Somewhat off-topic, maybe, but is anyone else here experiencing massive slowdowns in Chrome and Chromium for Linux?

It's unusable to me at this point: The whole thing pegs one core of my dual-core system just switching to a new tab, even though plenty of RAM is available. It pegs my CPUs and my disk on startup, but that's been a problem for quite a while now.

In both cases, I'm using the latest in the Ubuntu repos.

pdknsk · on Sept 25, 2014

Googlers at I/O explain how this works in V8. Click on "View the presentation" and then from slide 23 onwards.

https://developers.google.com/events/io/sessions/325547004

sphink · on Sept 25, 2014

The main difference from what is shown in those slides is that V8 uses a semispace collector. The SpiderMonkey collector just has a single nursery.

Jon Coppeard implemented a semispace collector for SpiderMonkey, but the added complexity made it a net loss in performance. So we scrapped it for now. It means we get a few objects unfairly tenured, but our measurements showed the actual number was pretty low and not worth the overhead.

It's totally workload dependent, and further GGC tuning (there's a lot to go!) may reverse that balance.

radarsat1 · on Sept 28, 2014

Is there any work on using online methods to optimize tenure threshold for a given workload? (E.g., system notices that similar objects are being repeatedly tenured and then die shortky after, adjusts the threshold to keep them in the nursery.)

mwfj · on Sept 25, 2014

It must be depressing for them to be in catch-up mode for so long.

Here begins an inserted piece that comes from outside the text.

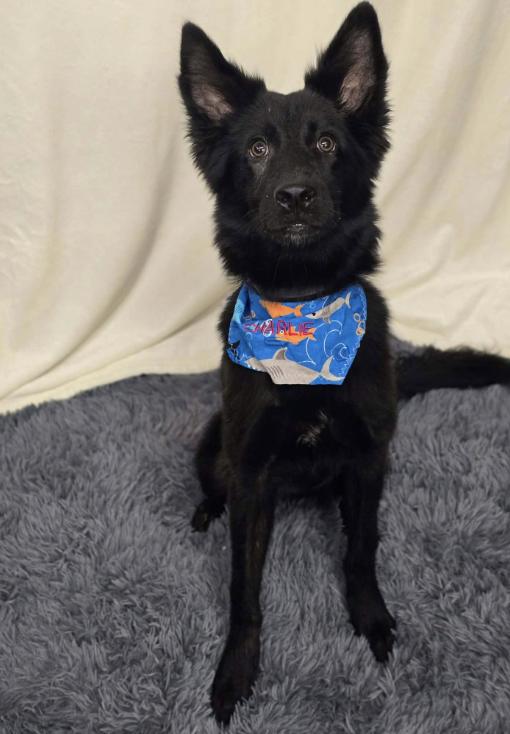 Enlarge Ozzy, a Adoptable mixed breed in Fort Collins, CO image 4/6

VerGreeneyes · on Sept 25, 2014

It doesn't help that splay-latency is literally nonsense (improving what it measures would do nothing to make the browser more responsive). If it wasn't for that benchmark they would be ahead right now.

sphink · on Sept 26, 2014

I agree. If you accept the reasonable premise that incremental GC trades worse throughput for better latency, then splay-latency rewards low throughput.

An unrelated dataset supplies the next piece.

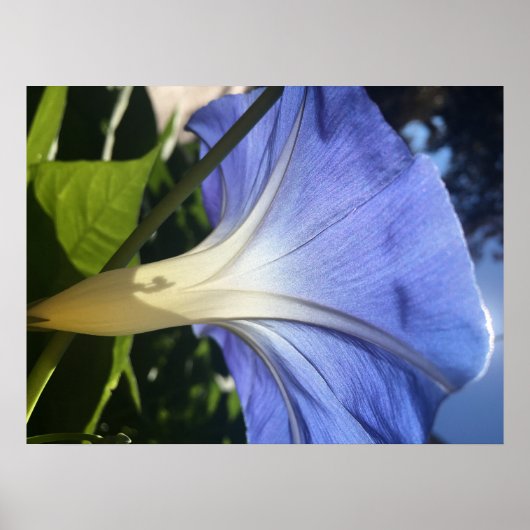 Paarse ventilator poster (Voorkant)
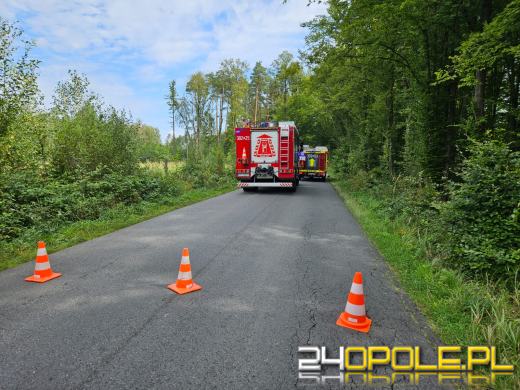 Drzewo spadło na busa, zmiażdżona kabina kierowcy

That isn't as awful as it sounds, it's just that there's nothing in the benchmark that tells the JS engine that penalizing throughput is the right thing to do. It needs some kind of marker that we can agree means "even though it's the wrong thing to do given just the code that you're seeing, pretend like this is running in an environment where you should prioritize throughput below latency between these semi-arbitrary points." We are discussing perhaps treating Date.now or window.performance.now as meaning that, because if you're measuring the jitter between things, you'll be grabbing the current time at exactly those points where you're mimicking ending one turn and starting the next. But that's still not really correct, because you're also asserting that there would be zero idle time in between turns, which is generally not true in a real application.

It's a mess.

agumonkey · on Sept 25, 2014

Then they have the secret to manage depression because they've been catching up for so long it's a miracle.